In the listing beneath this line, copy exactly the lines starting with the one containing "Illustratör: Elsa Wikander/Azote" and going on through the one containing "What are Natural".
PROVIDED DATA Block Start
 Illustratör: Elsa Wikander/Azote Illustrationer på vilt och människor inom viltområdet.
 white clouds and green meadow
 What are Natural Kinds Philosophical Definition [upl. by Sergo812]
PROVIDED DATA Block End
PROVIDED DATA Block Start
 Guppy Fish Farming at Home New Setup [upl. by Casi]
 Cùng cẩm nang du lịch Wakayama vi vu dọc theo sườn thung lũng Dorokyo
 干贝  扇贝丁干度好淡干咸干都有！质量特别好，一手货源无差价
PROVIDED DATA Block End
COMPLETED TASK
 Illustratör: Elsa Wikander/Azote Illustrationer på vilt och människor inom viltområdet.
 white clouds and green meadow
 What are Natural Kinds Philosophical Definition [upl. by Sergo812]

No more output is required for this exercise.